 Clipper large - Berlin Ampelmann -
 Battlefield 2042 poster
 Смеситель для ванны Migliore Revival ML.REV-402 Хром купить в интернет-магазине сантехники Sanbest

::::

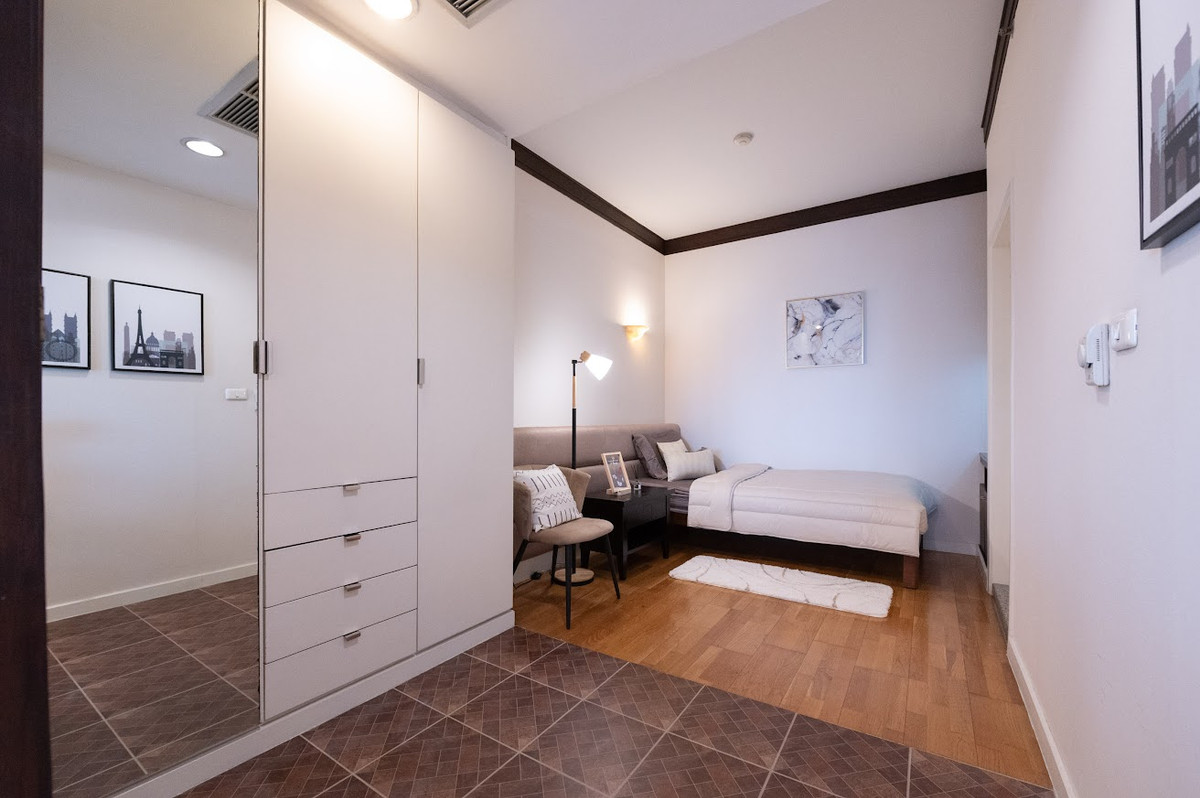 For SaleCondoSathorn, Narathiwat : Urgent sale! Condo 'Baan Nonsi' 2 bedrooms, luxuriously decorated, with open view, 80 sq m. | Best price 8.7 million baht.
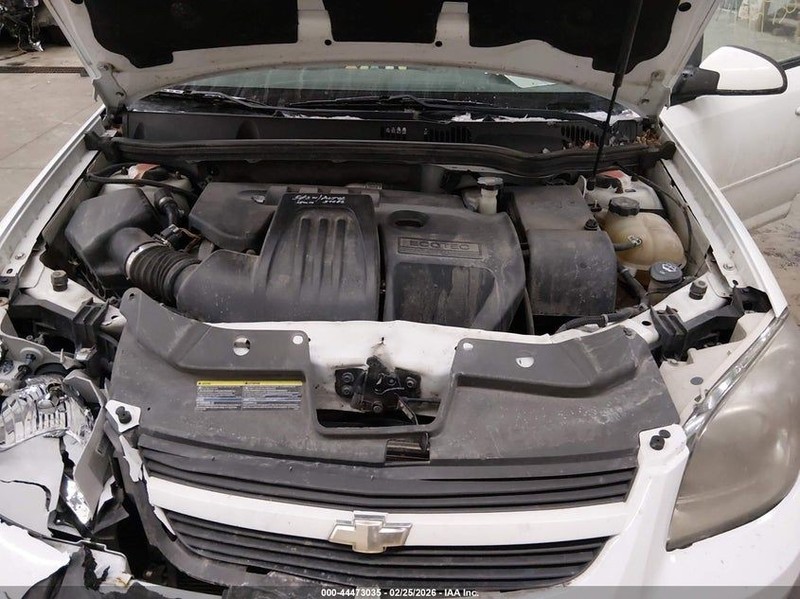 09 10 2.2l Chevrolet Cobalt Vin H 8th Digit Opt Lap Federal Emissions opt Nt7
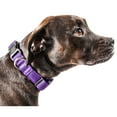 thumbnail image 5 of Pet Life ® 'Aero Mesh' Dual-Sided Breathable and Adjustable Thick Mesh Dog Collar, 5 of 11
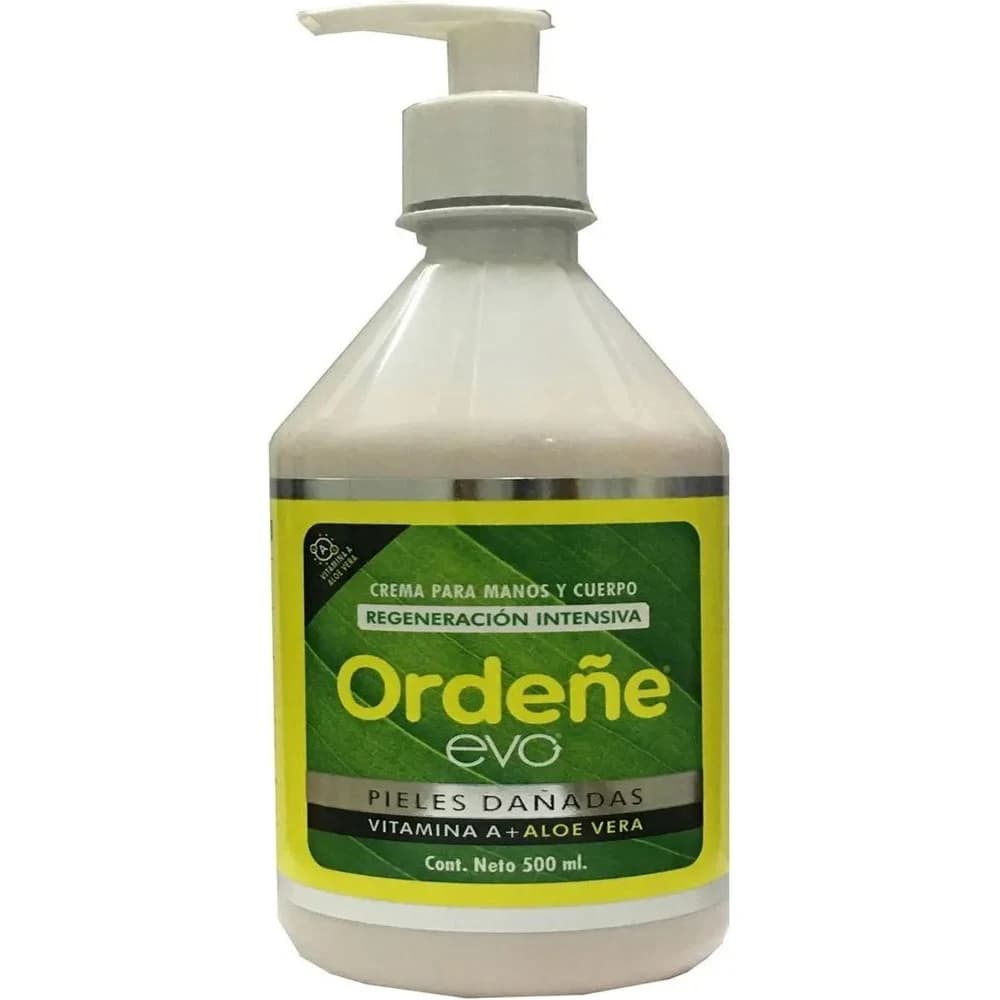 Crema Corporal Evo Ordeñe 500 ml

::::

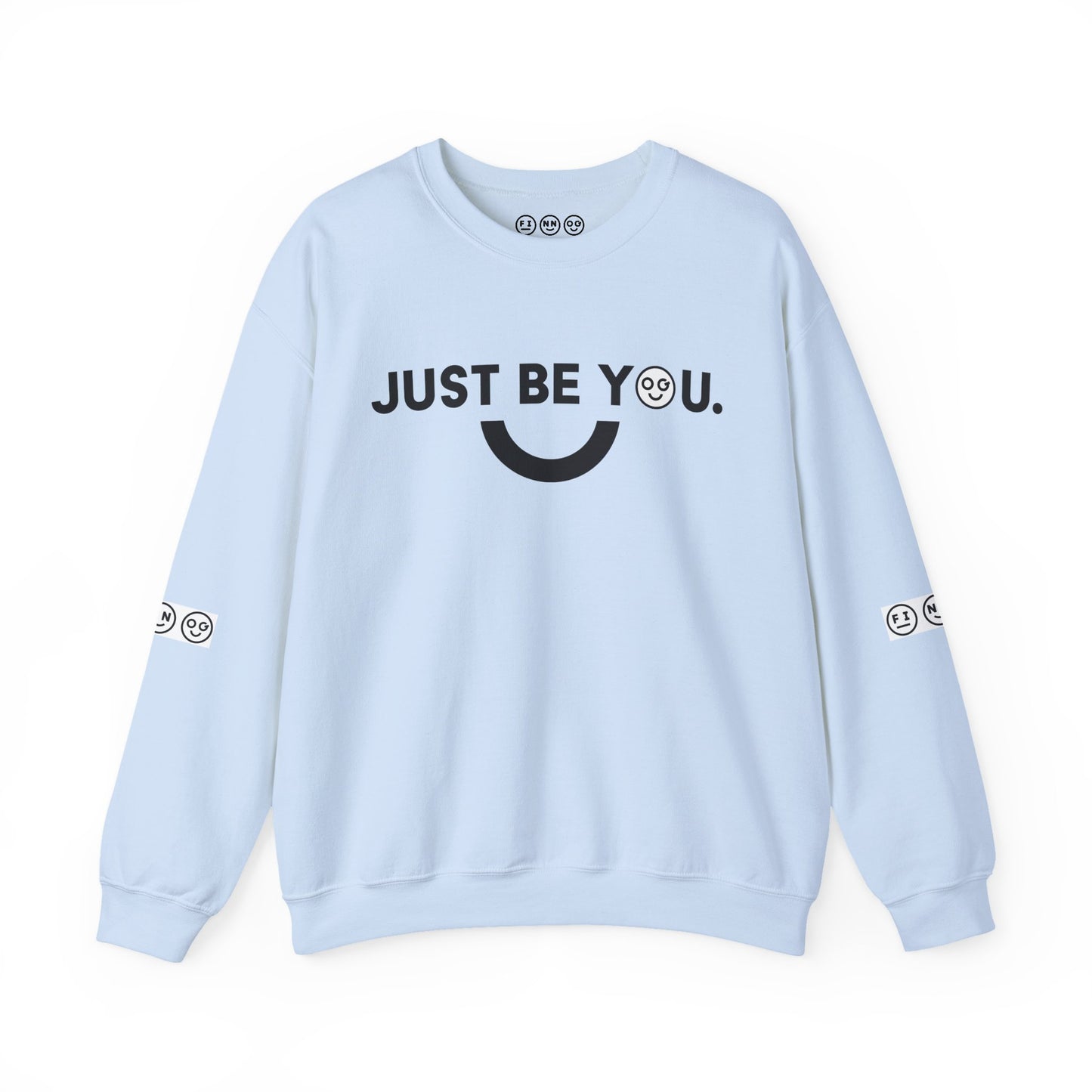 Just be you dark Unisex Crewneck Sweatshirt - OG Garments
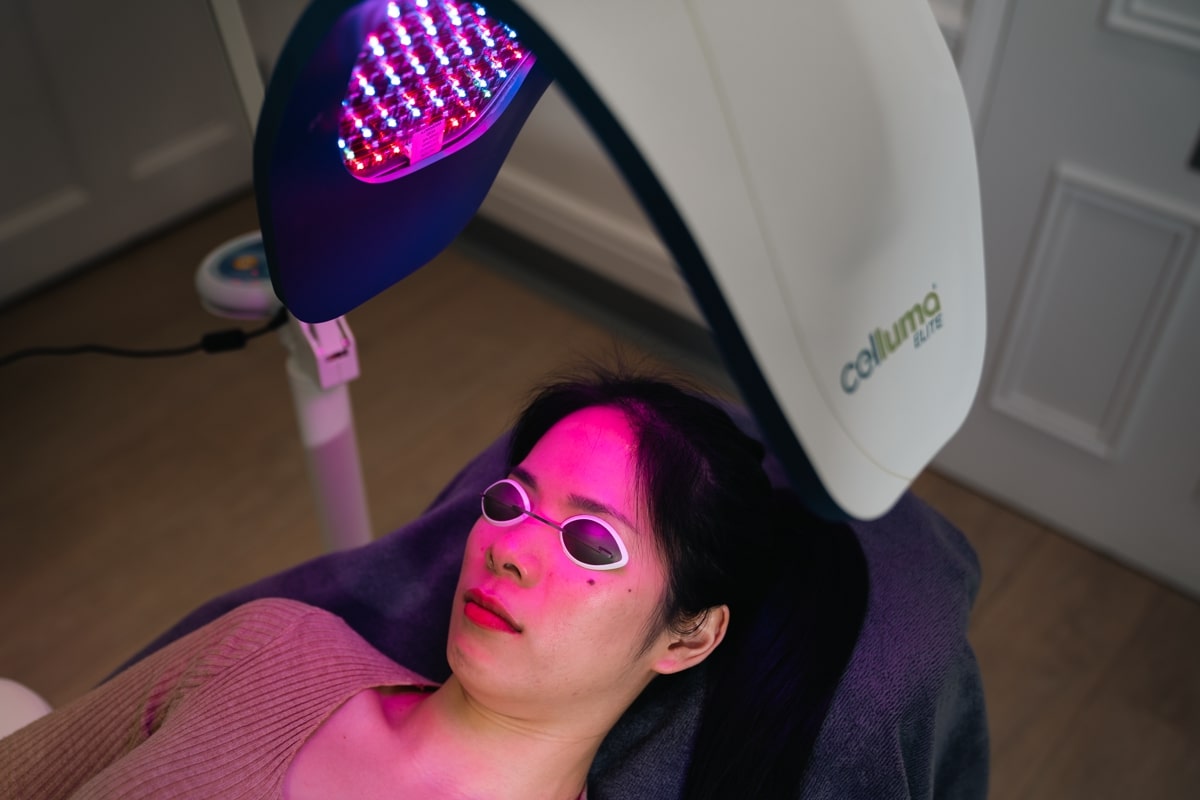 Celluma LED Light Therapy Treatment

::::

### WHAT IS NEEDED
Take the lines above from the one containing "Clipper large - Berlin" to the one containing "Смеситель для ванны" and retype them exactly, both ends included, with nothing added.

### ANSWER BOX
 Clipper large - Berlin Ampelmann -
 Battlefield 2042 poster
 Смеситель для ванны Migliore Revival ML.REV-402 Хром купить в интернет-магазине сантехники Sanbest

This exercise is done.